2. Description of the Related Art
Satellite navigation systems are made up of multiple, specially designed satellites orbiting Earth. These satellites continuously transmit precise, specific radio frequency (RF) signals that are used to provide location information. One widely adopted satellite navigation system is referred to as the Global Positioning System (GPS). By processing the RF signals from four or more GPS satellites, a GPS receiver can determine its current location (longitude, latitude, and altitude) fairly quickly and with a good degree of accuracy.
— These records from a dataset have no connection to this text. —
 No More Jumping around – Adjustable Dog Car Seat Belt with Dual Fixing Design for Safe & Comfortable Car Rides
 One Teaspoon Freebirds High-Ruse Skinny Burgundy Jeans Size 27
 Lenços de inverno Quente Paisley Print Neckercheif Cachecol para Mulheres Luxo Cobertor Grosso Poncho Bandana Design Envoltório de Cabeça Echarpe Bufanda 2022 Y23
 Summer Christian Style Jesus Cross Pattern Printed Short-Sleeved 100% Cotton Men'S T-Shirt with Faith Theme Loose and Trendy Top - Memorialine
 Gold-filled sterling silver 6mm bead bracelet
FIG. 1 shows the general sections of a conventional GPS receiver. An antenna 101 receives the RF signals from the GPS satellites. The RF signals are then amplified, down converted, filtered, and converted into a digital signal by the analog section 102. Specifically, a low-noise amplifier 103 amplifies the weak RF signals. A mixer 104 and local oscillator 105 down converts the amplified RF signals to a lower intermediate frequency (IF) signal. A band pass filter 106 is used to filter out interference. The filtered IF signal is then converted into an equivalent digital IF signal by means of a 1 or 2-bit analog-to-digital converter (ADC) 107. The digital IF signal is then input to a digital section 108. The acquisition engine 109 and tracking engine 110 of the digital section 108 process the digital IF signal to generate acquisition and tracking data which is then input to the processing section 112 by means of register 111. The central processing unit (CPU) 113 analyzes the acquisition and tracking data according to programming instructions stored in the memory 114 and produces the final location information.
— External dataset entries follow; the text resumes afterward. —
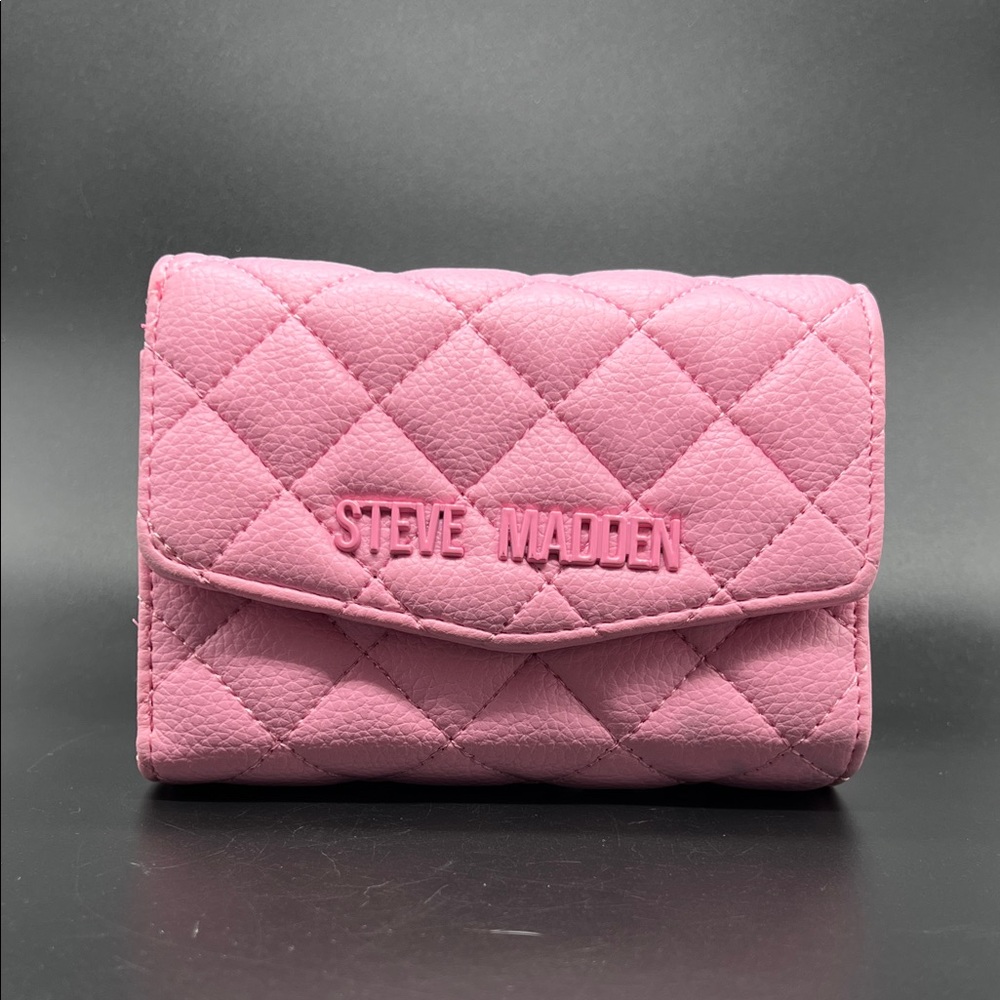 Steve Madden Quilted Pink Tri Fold Compact Wallet NEW
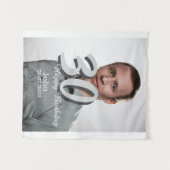 30歳の誕生日 白い写真に名前と日付と年を追加 タペストリー (正面(横))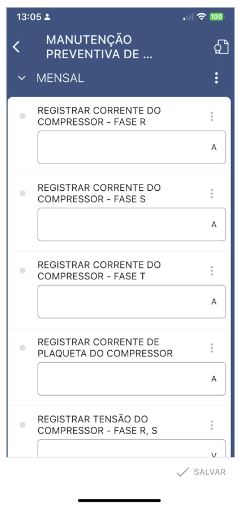 Exemplo de checklist no aplicativo Neovero Requests.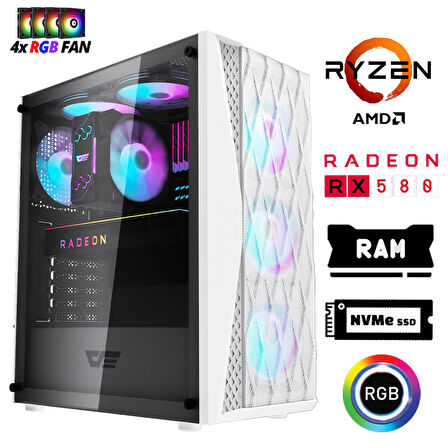 Xaser Xsr1193 Ryzen 5 5500 16GB Ram 512GB M.2 NVMe SSD 8GB RX580 Masaüstü Oyuncu Bilgisayarı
This conventional GPS receiver architecture places a great deal of reliance on the performance of the analog section. This is due, in part, because GPS satellite transmitter power may be as low as approximately 22 watts, and the signal travels over 12,000 miles through space and Earth's atmosphere. By the time the GPS signal reaches the GPS receiver, it is extremely weak and degraded. Typically, the received power of a GPS signal is −130 dBm or below. As a result, the analog section 102 must amplify, filter, and perform significant signal processing on the weak, attenuated analog GPS signal before it can be converted into a digital signal by the ADC 107.
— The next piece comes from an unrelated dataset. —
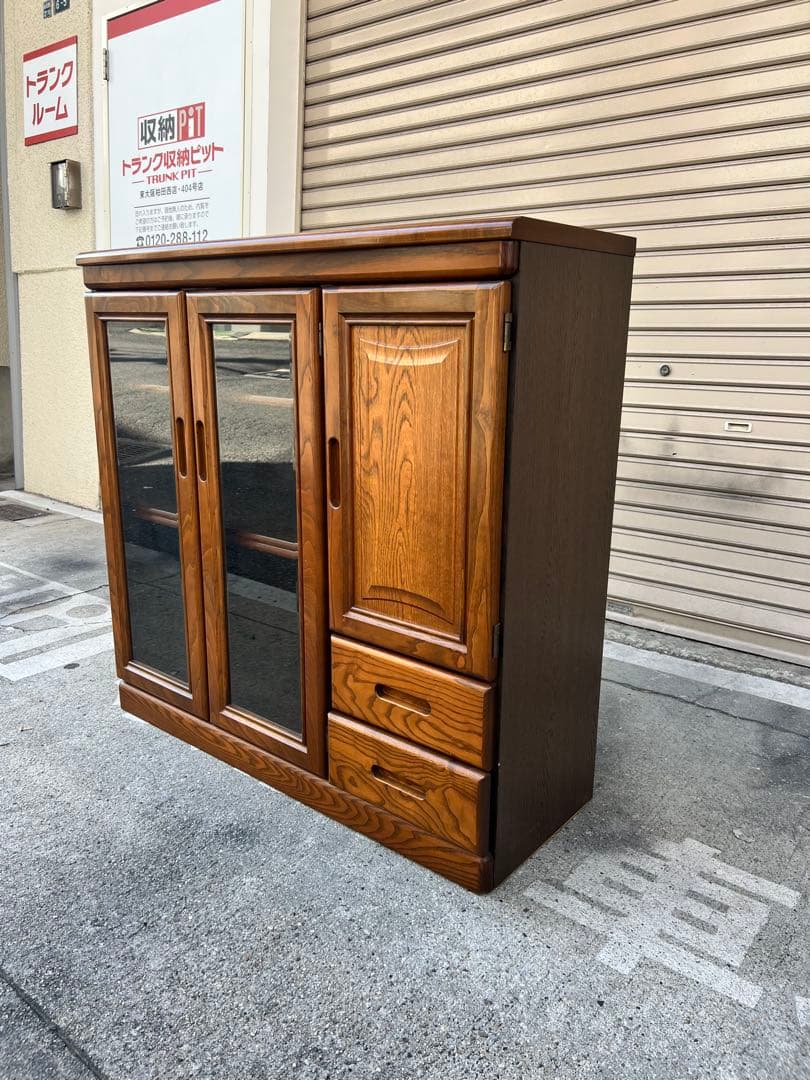 A745♠️アンティーク木製サイドボード リビングボード 飾り棚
Further complicating matters is that the GPS signal encounters a variety of interferences. Unfortunately, the GPS band falls within a crowded frequency spectrum, with strong RF signals that are only a few tens of MHz on either side of the protected GPS band. In addition, RF leakage and harmonics of the digital clock in the GPS receiver may appear to be very close or even fall within the GPS band. And if interference signal(s) are present at the input to the ADC 107, then some of the ADC's dynamic range is allocated to accommodate for this interference in order to avoid severe clipping. As a consequence, the desired GPS signal is sized smaller, the quantization noise relative to the thermal noise increases, and the overall performance of the GPS receiver degrades. To account for these and other deleterious factors, the design of the analog section must meet extremely stringent and exacting specifications. Consequently, the analog section occupies a relatively large area of circuitry, consumes a great amount of power, and is expensive to implement.
Therefore, the analog section is fast becoming a major impediment to the introduction of smaller, cheaper, lighter, more accurate, longer lasting portable battery-operated GPS receivers that markets and consumers crave.